Em nossa opinião, o melhor dos três é inequivocamente o parlamentar puro, na medida em que fortalece as estruturas políticas, gera a responsabilidade do eleitor e do eleito e obriga o permanente exercício democrático, com a depuração natural de elementos aproveitadores e oportunistas, que se encontram em número consideravelmente menor que nos sistemas presidenciais conhecidos (18).

O período político mais estável que o Brasil conheceu foi à época do 2º Império, em que o país possuía o sistema parlamentar de governo. Por aproximadamente 50 anos, mesmo enfrentando uma guerra externa, a que o país foi levado sem preparação, os Gabinetes se sucederam, mas a estabilidade permaneceu.

Rui Barbosa, introdutor do presidencialismo no país, declarava, desconsolado 10 anos após, que preferia a instabilidade do parlamentarismo à irresponsabilidade do presidencialismo, em ‘desabafo’ que deveria fazer pensar todos os constituintes brasileiros de todas as épocas.

O presidencialismo no Brasil, por outro lado, apenas trouxe insegurança política e sistema gangorral entre períodos de ditadura real e outros de débil democracia.

De 1889, quando uma quartelada derrubou a monarquia do Brasil, ao ponto de Marechal Deodoro pensar ter derrubado o Gabinete e não a monarquia, o Brasil conheceu revoluções periódicas (1918, 1924, 1939, 1937,1954, 1957), sucumbiu à ditadura de 1930/45 e ao regime de exceção (1964 a 1984), precisando de 5 constituições para conformá-lo (1891,1934, 1937, 1946 e 1967) e estando, após 27 emendas apresentas à última, preparando-se para elaborar a 6º Carta Republicana.

Em termos históricos, portanto, a experiência presidencialista não foi positiva e a parlamentar foi consideravelmente menos negativa.

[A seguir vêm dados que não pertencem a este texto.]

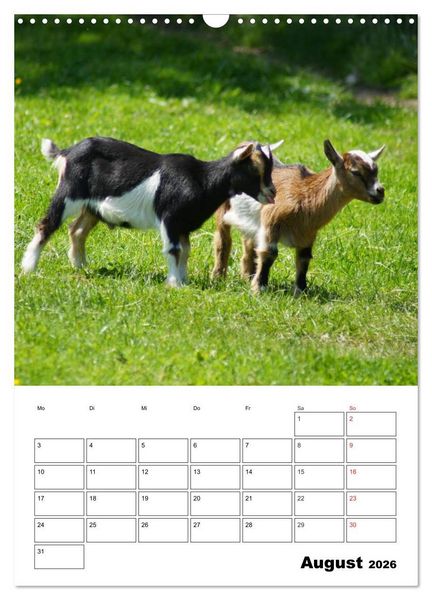 Produktbild: Ziegen Terminplaner (Wandkalender 2026 DIN A3 hoch), CALVENDO Monatskalender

Em termos de desenvolvimento atual, em que o país se transformou no 8º mercado do mundo ocidental e que, não obstante os desacertos da política econômica governamental, graças a empresários e empregados, ganha novos patamares de confiabilidade externa, não obstante o esforço governamental em destruí-la, não há por que não se adotar o sistema parlamentar que, sobre ser o mais estável no concerto das nações representa também forma mais democrática e civilizada de governo.

Nem se diga que, por ser um Estado Federativo, o Brasil, em face do bicameralismo, dificultaria o exercício dessa forma mais civilizada, posto que a Alemanha, Canadá, Austrália também o são e o parlamentarismo tem permitido a segurança das instituições, mesmo nas crises políticas, sociais e econômicas mais graves que viveram.

Entendemos que o momento é de amadurecimento das instituições e o Brasil necessita, de uma vez por todas, abandonar aquelas que trazem resquícios das monarquias absolutas, visto que, no presidencialismo, o Poder Executivo é hipertrofiado e os Poderes Legislativo e Judiciário enfraquecidos.

Só teremos plenitude democrática e uma carta suprema mais estável se abandonarmos, definitivamente, o sistema presidencial de governo, principal causa de todas as crises políticas que vivemos no século XX.

*Ives Gandra Martins é presidente do Conselho Superior de Direito da FecomercioSP.
Artigo publicado no portal JUSBRASIL no dia 21 de outubro de 2016.